Sin embargo, desde el Ejecutivo -con quien la entidad espera recuperar el diálogo en los próximos meses- el director de la cartera vial aseguró: “Tenemos un muy bajo índice de mortalidad en accidentes. Colaboramos con todo lo que pase, al pero se nos hace difícil hablar de un promedio de muertes”. Para la vecina, el súmmum de las acciones imprudentes son las “picadas”, que aseguró que se llevan a cabo “en Perón (Valentín Alsina), domingo de por medio a las 20”, donde se reúnen personas “en motos, sin casco y por una hora no pasan autos”.

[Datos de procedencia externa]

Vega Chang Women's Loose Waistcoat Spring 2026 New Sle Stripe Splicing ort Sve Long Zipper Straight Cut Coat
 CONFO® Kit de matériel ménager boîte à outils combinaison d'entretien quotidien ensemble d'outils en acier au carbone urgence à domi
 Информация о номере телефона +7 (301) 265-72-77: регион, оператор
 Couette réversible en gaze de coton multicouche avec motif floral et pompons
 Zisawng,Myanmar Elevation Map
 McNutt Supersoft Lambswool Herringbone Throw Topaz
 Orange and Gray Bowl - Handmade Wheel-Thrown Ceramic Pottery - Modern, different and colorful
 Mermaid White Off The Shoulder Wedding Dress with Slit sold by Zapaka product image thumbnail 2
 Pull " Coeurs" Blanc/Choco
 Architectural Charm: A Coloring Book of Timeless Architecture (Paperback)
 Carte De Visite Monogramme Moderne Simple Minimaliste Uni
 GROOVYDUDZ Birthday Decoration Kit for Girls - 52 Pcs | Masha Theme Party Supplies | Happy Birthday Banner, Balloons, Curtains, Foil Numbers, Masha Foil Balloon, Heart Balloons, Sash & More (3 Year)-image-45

En Berazategui, el Camino Centenario, el General Belgrano y parte de la autopista Buenos Aires-La Plata son los más complicados porque “no están controlados por nadie”, se quejó Ana María Valeiro, presidenta de la Asociación de Vecinos del Parque Pereyra Iraola. “Los chicos ‘juegan’ acostados en las motos, hacen acrobacias y picadas, como los dos que se mataron (el domingo de Navidad): en la colectora de Centenario largaron cinco motos de un lado y cinco de otro”, describió. La suerte se basa en pasar intercalados. Se lleva a cabo en la colectora de la Ruta 2 hace dos años sin intervención policial o comunal, pero en cambio sí desfilan controles “desde el Arco de Villa Elisa hacia La Plata” y “nada” desde el mismo punto hacia la Rotonda de Alpargatas.

Para avanzar

Una de las medicinas con la que los distritos intentaron controlar la ‘patología cultural’ de violar las normas de tránsito fue labrar multas. En Echeverría, por ejemplo, según las oficinas de Infracciones se hicieron 377 boletas por estacionar en sendas peatonales, paradas de colectivos o veredas señalizadas, y unas 283 por no tener licencia de conducir o pertenecer a una categoría incorrecta. Por su parte, Varela retiene el registro cuando el rodado no posee su Verificación Técnica Vehicular o está vencida. En tanto, la Defensoría del Pueblo de Avellaneda, con sus pares de Quilmes y provincial, presentó un pedido al Órgano de Control de Concesiones Viales (Occovi) para que haya mejoras en las “obras inconclusas” de la autopista Buenos Aires-La Plata, altamente “peligrosas”.

Para la mamá de Arduini, la estrategia es la educación: proyecta para este año continuar con las charlas en las escuelas, capacitar a docentes y crear espacios informativos en centros de jubilados, para que los adultos mayores sean promotores de la prevención.